Однако есть одно место в Риме, которому освещение субботнего вечера сообщает особое очарование. Это Пьяцца дель Кампидольо на Капитолии. Вы поднимаетесь по ступеням с одной стороны площади и видите три здания, составляющие остальную ее часть, и Марк Аврелий едет прямо на вас из центра площади, а голубоватый свет освещает колонны, пилястры, и белые статуи на крышах. И вам кажется, что вы ступили на сцену какого-то грандиозного театра Палладио. В любой момент сюда может ворваться с хохотом и щебетом толпа в масках, как с картин Пьетро Лонги, и тут же скрыться за углом в вихре черных одежд и блеске красных каблуков. Вам может показаться, что вы видите перед собой мечту Возрождения, идеальную и совершенную, дочиста отмытую от всяческих грехов.
Был жаркий вечер, солнце село, когда мне впервые довелось постоять в этом волшебном свете.
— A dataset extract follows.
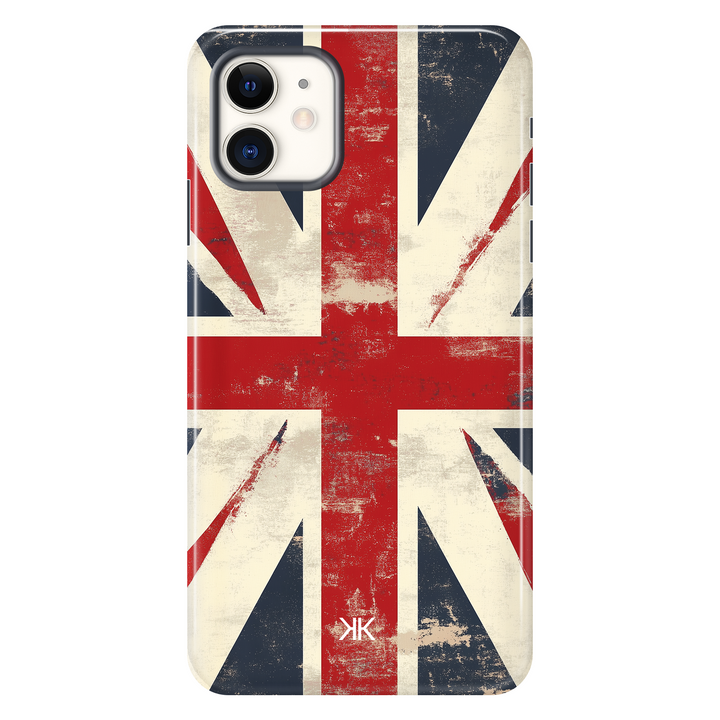 Faded Union Jack Phone Case - Tough Case - iphone-11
Я подумал, что, возможно, здесь-то и спит дух Рима, под звуки капающей воды, в сиянии театральной луны. Рим, вода и тишина. По обе стороны площади — музеи, освещенные как будто для бала или приема. Жалюзи подняты, окна открыты из-за жары, и стоишь на площади рядом с Марком Аврелием, глядя на золоченые потолки и сияющие фрески одного здания, пока в здании напротив мраморные фавны и кентавры, кажется, вот-вот повернутся к тебе и заиграют на своих свирелях.